This is the third in series of 3 deep learning intro posts:
This post presents in details the development for the set of equations used to find the network’s optimized set of coefficents. These are the equations used during the Training stage, aka Fitting. The algorithms used are Gradient Descent and Back Propogation. The post egins with a short recaps for Feed Forward process, Cost Functions and Gradient Descent. After that, we will dive into the develpoment of Back Propogation equations.

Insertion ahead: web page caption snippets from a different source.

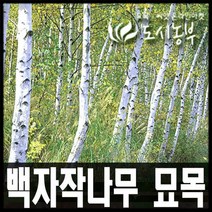 백자작 실생3년 특묘 나무 묘목 원예 종자 씨앗
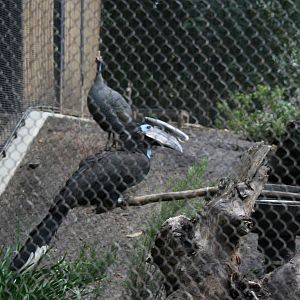 Black-Casqued Hornbill 2-8-09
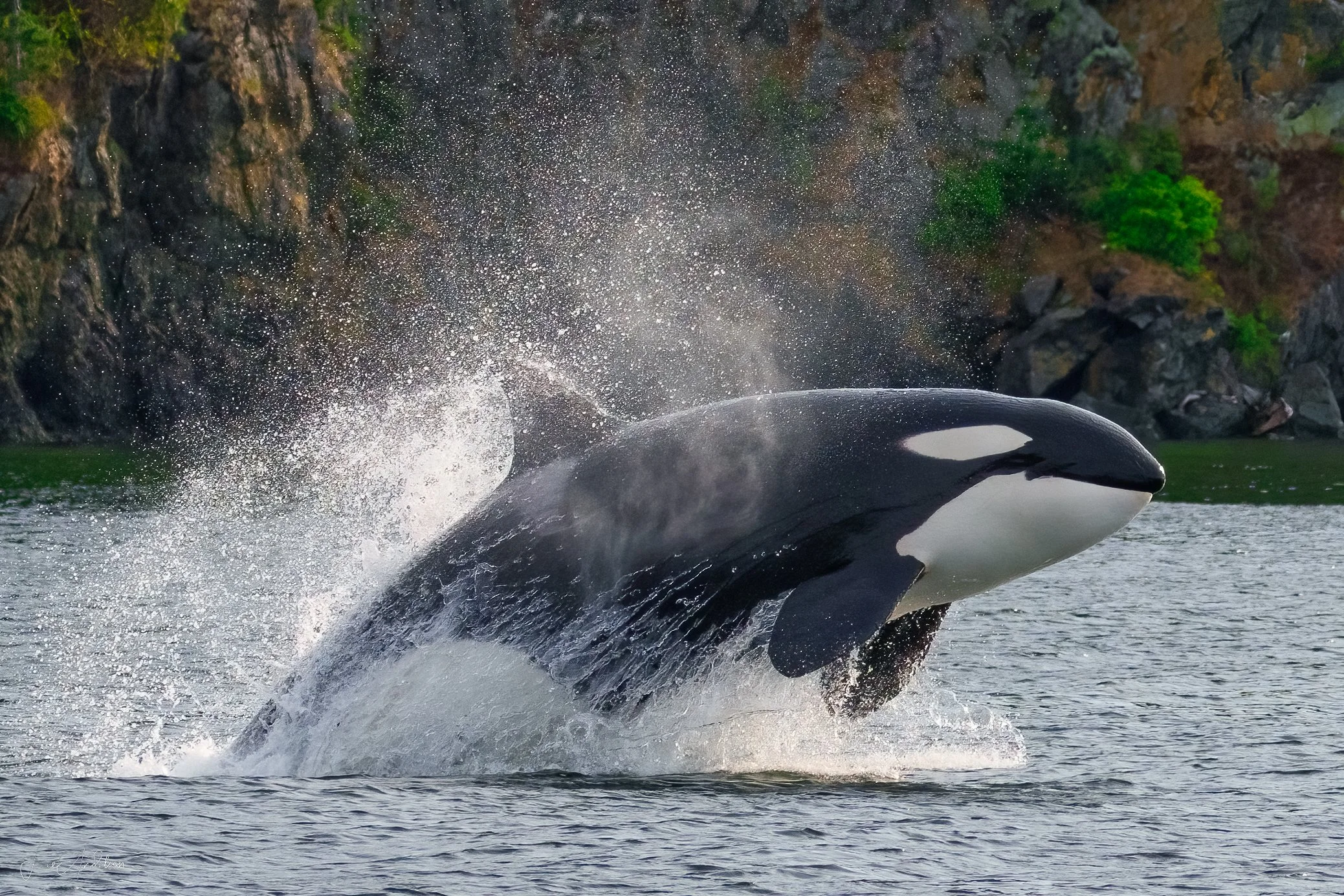 Killer whale breaching in the San Juan Islands photographed during a Wake Up To Adventure wildlife photography tour departing from Friday Harbor, Washington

In this section we recap Feed Forward equations, which are needed as a background for the current Back Propogation topic. Figure 1, which is re-posted here, presents journey of the input data through the L network’s layers, in that example L=5, untill the predicted value \(hat{y}\) is generated. Each layer consists of 2 cascaded operators, the first calculates the sum of the weighted input and the bias, and the second is a non linear activation function. Eq. 1 presents the above 2 functions expressed for any layer l.

\(\bar{Z}^{[l]}=\bar{w}^{[l]}\bar{A}^{[l-1]}+\bar{b}^{[l]}\)

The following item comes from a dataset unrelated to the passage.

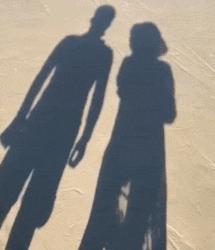 一进门就看见小蜜蜂在追着神奇女侠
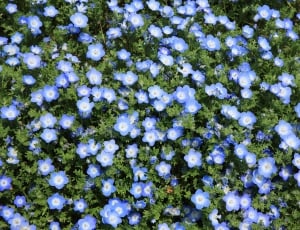 blue and white 5 petaled flowers thumbnail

Recap ends here. Let’s proceed - we will return to the above equations.
Given the input-output set (x,y) and the prediction result \(\hat{y}\), a cost function measures the difference between the true values and the model’s prediction results. The optimized set of parameters we search for, is the one that minimizes a cost function.
We already met 3 types of Cost functions as shown in Eq. 2:
\(C(w,b)=\frac{1}{m}\sum_{j=1}^{m}\left | y-\hat{y} \right |^2\)
| \(C(w,b)=\frac{1}{m}\sum_{j=1}^{m}\left | y-\hat{y} \right | \) |
\(C(b,w) =-\frac{1}{m}\sum_{i=1}^{m}[y_i^{(i)}log(\hat{y}^{(i)})+(1-y^{(i)})log(1-\hat{y}^{(i)})]\)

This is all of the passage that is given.